Historical population
| Census | Pop. | Note | %± |
| 1900 | 146 |  | — |
| 1910 | 187 |  | 28.1% |
| 1920 | 135 |  | −27.8% |
| 1930 | 139 |  | 3.0% |
| 1940 | 152 |  | 9.4% |
| 1950 | 105 |  | −30.9% |
| 1960 | 126 |  | 20.0% |
| 1970 | 95 |  | −24.6% |
| 1980 | 73 |  | −23.2% |
| 1990 | 59 |  | −19.2% |
| 2000 | 68 |  | 15.3% |
| 2010 | 55 |  | −19.1% |
| 2020 | 41 |  | −25.5% |
U.S. Decennial Census 2010 2020

===2020 census===

Satartia village, Mississippi - Demographic Profile (NH = Non-Hispanic)
| Race / Ethnicity | Pop 2010 | Pop 2020 | % 2010 | % 2020 |
|---|---|---|---|---|
| White alone (NH) | 49 | 35 | 89.09% | 85.37% |
| Black or African American alone (NH) | 6 | 2 | 10.91% | 4.88% |
| Native American or Alaska Native alone (NH) | 0 | 0 | 0.00% | 0.00% |
| Asian alone (NH) | 0 | 0 | 0.00% | 0.00% |
| Pacific Islander alone (NH) | 0 | 0 | 0.00% | 0.00% |
| Some Other Race alone (NH) | 0 | 0 | 0.00% | 0.00% |
| Mixed Race/Multi-Racial (NH) | 0 | 2 | 0.00% | 4.88% |
| Hispanic or Latino (any race) | 0 | 2 | 0.00% | 4.88% |
| Total | 55 | 41 | 100.00% | 100.00% |

Note: the US Census treats Hispanic/Latino as an ethnic category. This table excludes Latinos from the racial categories and assigns them to a separate category. Hispanics/Latinos can be of any race.

===2010 Census===
As of the 2010 United States census, there were 55 people living in the village. 89.1% were White, and 10.9% were Black or African American.
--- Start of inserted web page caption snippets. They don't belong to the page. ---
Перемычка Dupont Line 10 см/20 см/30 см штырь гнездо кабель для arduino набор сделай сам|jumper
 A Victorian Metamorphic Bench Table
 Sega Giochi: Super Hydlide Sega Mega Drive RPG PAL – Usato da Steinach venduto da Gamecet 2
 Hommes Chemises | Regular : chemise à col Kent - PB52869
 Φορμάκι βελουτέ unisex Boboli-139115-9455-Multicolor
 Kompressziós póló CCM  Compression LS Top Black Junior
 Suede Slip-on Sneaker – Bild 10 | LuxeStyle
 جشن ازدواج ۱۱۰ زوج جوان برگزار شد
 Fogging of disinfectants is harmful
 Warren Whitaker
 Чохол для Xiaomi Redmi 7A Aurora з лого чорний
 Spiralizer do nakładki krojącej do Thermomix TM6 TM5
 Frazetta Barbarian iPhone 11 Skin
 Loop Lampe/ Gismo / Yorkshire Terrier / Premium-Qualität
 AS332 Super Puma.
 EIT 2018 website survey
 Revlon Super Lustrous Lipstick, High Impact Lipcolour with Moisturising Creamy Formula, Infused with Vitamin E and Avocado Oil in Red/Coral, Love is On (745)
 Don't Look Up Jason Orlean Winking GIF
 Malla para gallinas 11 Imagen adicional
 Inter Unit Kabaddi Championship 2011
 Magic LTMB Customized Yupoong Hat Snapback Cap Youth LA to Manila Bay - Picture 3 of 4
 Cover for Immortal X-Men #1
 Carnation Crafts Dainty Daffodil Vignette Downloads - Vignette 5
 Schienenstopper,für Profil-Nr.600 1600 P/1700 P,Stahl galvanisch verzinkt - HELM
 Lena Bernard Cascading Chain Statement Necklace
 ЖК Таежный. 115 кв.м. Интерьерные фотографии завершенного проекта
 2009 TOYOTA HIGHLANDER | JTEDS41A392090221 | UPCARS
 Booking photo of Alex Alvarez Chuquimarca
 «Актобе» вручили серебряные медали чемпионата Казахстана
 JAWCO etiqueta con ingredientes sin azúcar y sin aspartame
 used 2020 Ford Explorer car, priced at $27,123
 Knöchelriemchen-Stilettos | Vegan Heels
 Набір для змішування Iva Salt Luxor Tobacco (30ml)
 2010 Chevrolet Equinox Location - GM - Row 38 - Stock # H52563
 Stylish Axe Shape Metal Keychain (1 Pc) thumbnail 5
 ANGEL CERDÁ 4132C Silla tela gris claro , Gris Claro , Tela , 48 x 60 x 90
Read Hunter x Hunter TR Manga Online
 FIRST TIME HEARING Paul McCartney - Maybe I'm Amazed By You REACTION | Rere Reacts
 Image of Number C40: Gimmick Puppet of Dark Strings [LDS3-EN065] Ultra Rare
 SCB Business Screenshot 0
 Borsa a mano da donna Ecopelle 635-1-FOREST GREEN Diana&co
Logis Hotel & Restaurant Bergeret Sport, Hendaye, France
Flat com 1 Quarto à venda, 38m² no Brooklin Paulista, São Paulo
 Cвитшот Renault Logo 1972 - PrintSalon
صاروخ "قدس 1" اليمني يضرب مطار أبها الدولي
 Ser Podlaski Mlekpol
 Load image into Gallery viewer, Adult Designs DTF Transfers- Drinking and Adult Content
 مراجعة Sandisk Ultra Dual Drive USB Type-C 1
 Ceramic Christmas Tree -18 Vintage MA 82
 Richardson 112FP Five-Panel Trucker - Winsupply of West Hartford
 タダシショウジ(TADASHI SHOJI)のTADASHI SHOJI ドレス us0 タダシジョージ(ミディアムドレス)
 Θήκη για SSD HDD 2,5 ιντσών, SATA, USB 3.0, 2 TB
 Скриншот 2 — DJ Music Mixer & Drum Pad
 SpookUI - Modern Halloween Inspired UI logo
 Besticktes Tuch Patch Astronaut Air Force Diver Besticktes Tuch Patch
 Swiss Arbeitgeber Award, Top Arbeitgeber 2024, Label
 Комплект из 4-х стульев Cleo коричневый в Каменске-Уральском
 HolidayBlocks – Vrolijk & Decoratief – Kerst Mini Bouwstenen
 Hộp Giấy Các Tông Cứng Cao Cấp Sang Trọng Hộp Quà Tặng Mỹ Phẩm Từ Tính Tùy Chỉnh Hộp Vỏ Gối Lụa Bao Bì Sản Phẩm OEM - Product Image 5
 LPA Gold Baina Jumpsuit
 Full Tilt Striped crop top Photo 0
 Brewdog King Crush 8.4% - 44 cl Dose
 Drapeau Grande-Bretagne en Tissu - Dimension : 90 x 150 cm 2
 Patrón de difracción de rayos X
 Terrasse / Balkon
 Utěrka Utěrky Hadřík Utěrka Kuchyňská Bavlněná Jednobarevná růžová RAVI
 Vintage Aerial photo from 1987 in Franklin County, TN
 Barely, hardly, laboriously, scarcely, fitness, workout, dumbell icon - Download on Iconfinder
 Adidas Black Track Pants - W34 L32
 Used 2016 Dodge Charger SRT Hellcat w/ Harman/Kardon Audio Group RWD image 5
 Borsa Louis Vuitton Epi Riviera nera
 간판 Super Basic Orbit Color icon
As of the census of 2000, there were 68 people, 28 households, and 22 families living in the village. The population density was 454.5 PD/sqmi. There were 32 housing units at an average density of 213.9 /sqmi. The racial make-up of the village was 85.29% White and 14.71% African American.

There were 28 households, out of which 25.0% had children under the age of 18 living with them, 64.3% were married couples living together, 10.7% had a female householder with no husband present, and 17.9% were non-families. 14.3% of all households were made up of individuals, and 10.7% had someone living alone who was 65 years of age or older. The average household size was 2.43 and the average family size was 2.70.

In the village, the population was spread out, with 17.6% under the age of 18, 5.9% from 18 to 24, 22.1% from 25 to 44, 38.2% from 45 to 64, and 16.2% who were 65 years of age or older. The median age was 50 years. For every 100 females, there were 106.1 males. For every 100 females age 18 and over, there were 100.0 males.

The median income for a household in the village was $36,875, and the median income for a family was $43,500. Males had a median income of $28,750 versus $38,333 for females. The per capita income for the village was $17,073. There were no families and 4.7% of the population living below the poverty line, including none under 18 and 17.6% of those over 64.

==Education==
The Village of Satartia is served by the Yazoo County School District. Residents are zoned to Yazoo County Middle School and Yazoo County High School.

==Notable people==
- Rod Barnes, college basketball coach
- Charles Read, Navy officer nicknamed "Seawolf of the Confederacy" for his exploits and daring.